ChatGPT is everywhere and being used everywhere. How do you see quant funds using this new technology and what advice can you give people using it?

[IM] ChatGPT is a general-purpose tool, useful for personal co-pilot applications. Quantitative strategies demand highly tailored analytical reasoning that generic B2C AI chatbots are not designed for. Leveraging the firm’s proprietary data: transactional, price-ticks, market sentiment and real-time unstructured source like chats, news and research is where AI can truly bring value. Only models trained on firm-specific data and tailored for specialized tasks can truly align with a firm’s strategic objectives within its private tech stack. While the GPT architecture is powerful, it is likely not the optimal solution for quant tasks.

What are your predictions for generative AI in the coming years?
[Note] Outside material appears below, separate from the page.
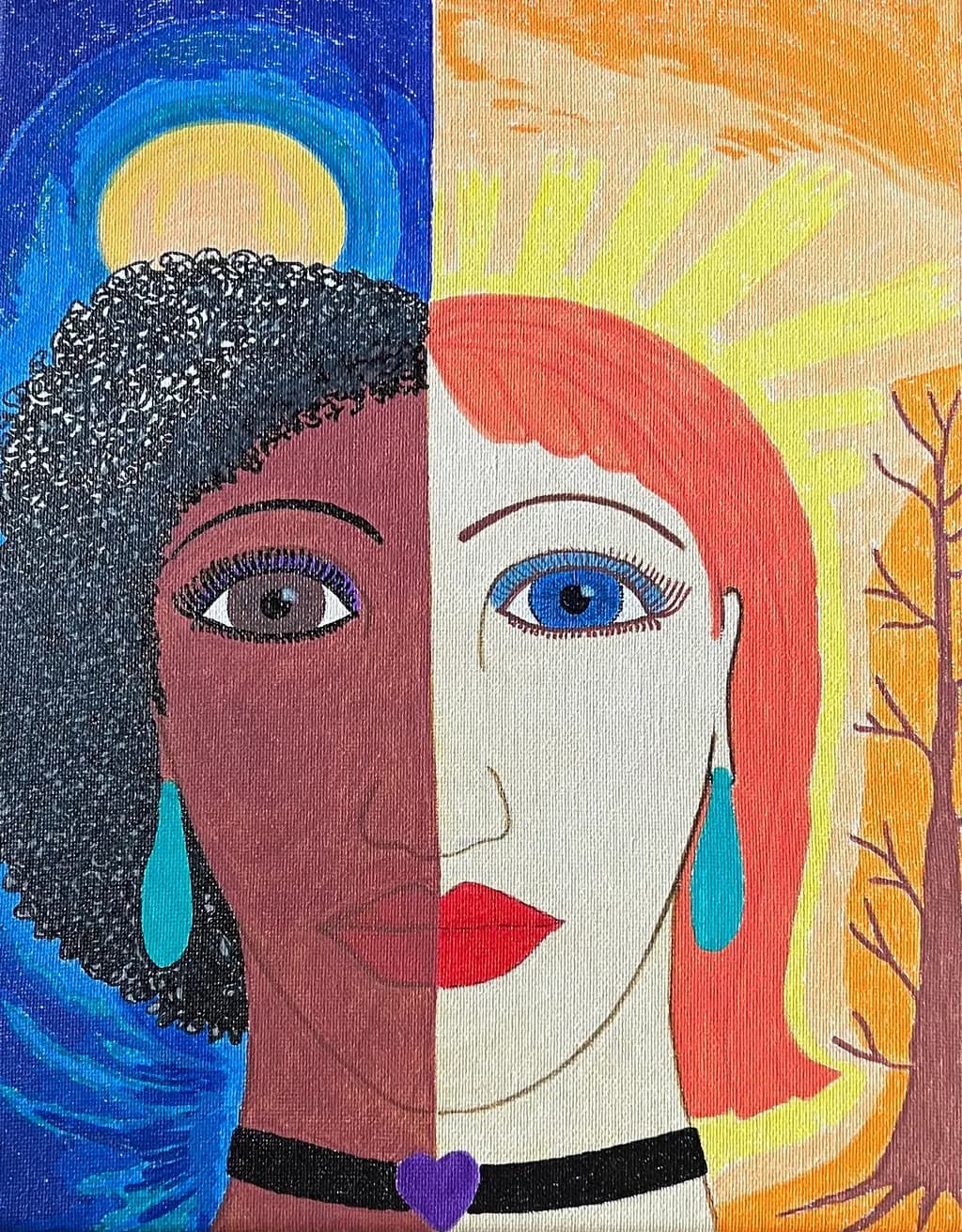 Duality of Identity: A Colorful Exploration of Contrast and Expression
[YZ] AI is the engine, but the data is the oil - the critical resource that fuels it. In the coming years, competition in AI will center on rapid learning capabilities and efficiency at runtime, particularly with live proprietary data streams.

The future of AI is agentic, fundamentally transforming how human experts delegate tasks to process vast amounts of complex information in real time. To reach optimal efficiency, AI models must learn and adapt instantaneously, as the time lag from batch training and fine-tuning disrupts real-time decision-making and eliminates any temporal alpha capture. High-frequency decision making demands high-frequency model training.

At Quant Strats, we always discuss the challenges and opportunities of blending quant and fundamental strategies, and this is always a popular topic – why do you think this is? What do you think is the most important questions for quants when considering this strategy?

[IM] Approaching the blend of quant and fundamental strategies an abstract perspective—specifically, integrating time-series modeling with unstructured textual data—the potential for newly emergent strategies is immense.

Traditional machine learning techniques have struggled to dynamically capture multi-dimensionality of cross-asset and cross-strategy approaches. ML models have to be calibrated continuously to evolving market states, incorporating new data and variables as they emerge.

LLMs offer a new paradigm by being able to distill and integrate existing ML models into their architectures. This raises a fundamental question: could we ever achieve true "psychohistory" prediction techniques, as envisioned in Asimov’s Foundation—reducing both quant and fundamental strategies to a unified statistical probability output? Perhaps. But the challenge remains.